I have been playing around with the scc utility, which in addition to counting lines of code and complexity within a project, also provides estimates of the development cost of a project. And so, of course, I am going to use this as an opportunity to be a little provocative about data sharing (you’ll see why in a minute).

I used the main Julia packages in which the lab played an active development role over the last five years, and the results (in USD) are in the table below:

Package Development cost
BioEnergeticFoodWebs 153377
GBIF 35783
EcologicalNetworks 422329
EcologicalNetworksPlots 31084
Mangal 44163
NCBITaxonomy 35036
SimpleSDMLayers 103895
NeutralLandscapes 29829
Total 855496

That’s correct!
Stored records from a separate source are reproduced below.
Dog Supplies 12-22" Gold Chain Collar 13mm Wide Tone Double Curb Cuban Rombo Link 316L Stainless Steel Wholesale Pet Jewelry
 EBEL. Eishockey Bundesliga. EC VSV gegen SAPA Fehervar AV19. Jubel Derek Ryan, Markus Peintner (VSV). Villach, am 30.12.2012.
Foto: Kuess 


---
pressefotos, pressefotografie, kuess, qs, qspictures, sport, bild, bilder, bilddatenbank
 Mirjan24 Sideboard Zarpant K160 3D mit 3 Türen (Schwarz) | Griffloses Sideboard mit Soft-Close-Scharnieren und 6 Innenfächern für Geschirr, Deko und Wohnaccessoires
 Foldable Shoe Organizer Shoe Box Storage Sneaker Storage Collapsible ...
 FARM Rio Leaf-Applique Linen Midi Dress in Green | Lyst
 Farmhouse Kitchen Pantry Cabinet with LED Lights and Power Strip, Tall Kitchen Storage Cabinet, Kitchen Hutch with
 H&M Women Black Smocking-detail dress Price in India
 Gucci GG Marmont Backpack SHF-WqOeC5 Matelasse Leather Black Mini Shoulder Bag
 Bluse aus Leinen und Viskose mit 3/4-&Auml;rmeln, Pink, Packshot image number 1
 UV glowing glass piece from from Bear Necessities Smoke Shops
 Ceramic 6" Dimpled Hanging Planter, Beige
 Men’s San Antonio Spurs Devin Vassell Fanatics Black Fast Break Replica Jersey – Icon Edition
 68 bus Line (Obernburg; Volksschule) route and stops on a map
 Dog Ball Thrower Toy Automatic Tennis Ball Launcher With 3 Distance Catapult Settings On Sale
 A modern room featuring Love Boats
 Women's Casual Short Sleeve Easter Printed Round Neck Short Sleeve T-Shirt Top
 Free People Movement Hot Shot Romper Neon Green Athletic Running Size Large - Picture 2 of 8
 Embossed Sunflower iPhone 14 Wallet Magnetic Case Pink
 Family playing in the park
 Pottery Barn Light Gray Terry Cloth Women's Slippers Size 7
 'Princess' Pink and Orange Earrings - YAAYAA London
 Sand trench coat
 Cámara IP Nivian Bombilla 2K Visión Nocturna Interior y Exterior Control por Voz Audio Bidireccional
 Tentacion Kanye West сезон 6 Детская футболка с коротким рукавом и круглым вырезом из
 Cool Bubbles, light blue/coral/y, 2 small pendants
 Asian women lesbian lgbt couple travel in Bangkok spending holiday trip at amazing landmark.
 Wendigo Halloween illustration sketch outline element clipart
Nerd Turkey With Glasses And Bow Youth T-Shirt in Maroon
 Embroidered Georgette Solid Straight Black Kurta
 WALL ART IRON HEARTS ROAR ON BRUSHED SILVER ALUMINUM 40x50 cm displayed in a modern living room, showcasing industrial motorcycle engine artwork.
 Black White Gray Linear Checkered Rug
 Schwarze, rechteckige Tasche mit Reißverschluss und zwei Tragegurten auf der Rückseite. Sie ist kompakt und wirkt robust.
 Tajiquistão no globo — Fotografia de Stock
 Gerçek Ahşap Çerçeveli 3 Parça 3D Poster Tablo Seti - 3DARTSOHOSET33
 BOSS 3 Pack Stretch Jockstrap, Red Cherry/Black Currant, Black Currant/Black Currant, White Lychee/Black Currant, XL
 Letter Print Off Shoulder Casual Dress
The package development activities of the lab are worth about five hundred thousands double double (L) at Tim Hortons, or about 1% of Canada’s daily Timmies' intake.

For the last few years, I have been trying to make the point that treating data and code differently when it comes to sharing is hypocritical, and belies an idea of ecology where the labor from field work is privatized, but the labor from tool building is distributed (and indeed, expected). The usual argument I hear in support to this position is: data collection is expensive.

This is correct.

But as the table above shows, so is software development. And a moderately complex piece of code can represent a 100k gift to the community.

The differences between data sharing and software releases are two-fold.

First, software development has far less funding support. Looking back at old grant applications (and a number of these packages were developed outside of grant applications), I could only track 33k worth of money that was earmarked for things listed in this table. I understand that it’s no possible to go collect data for free - but the costs of software development are so well hidden that we expect the tools to materialize of their own and be accessible to all.

Second, software development enables a lot of research. None of the entries in the table are code that was written for a single project, never to be re-used. They may originate in a project, but they solve general problems. This is, indeed, the underlying philosophy of developing packages: we want them to be freely accessible, so our colleagues do not need to reinvent the wheel.

This brings me to my final point: software costs money. The FOSS software people use in the analysis of data they will never make public is only free in the sense that no one had to pay to use it. But we can go ahead with a little valuation exercise (which I do not think is especially relevant as “cost” is different from “value” or “worth”) to show that free as it may be, it is not cheap.

And so maybe, just maybe, we (as a community) could start under-valuing its development so much.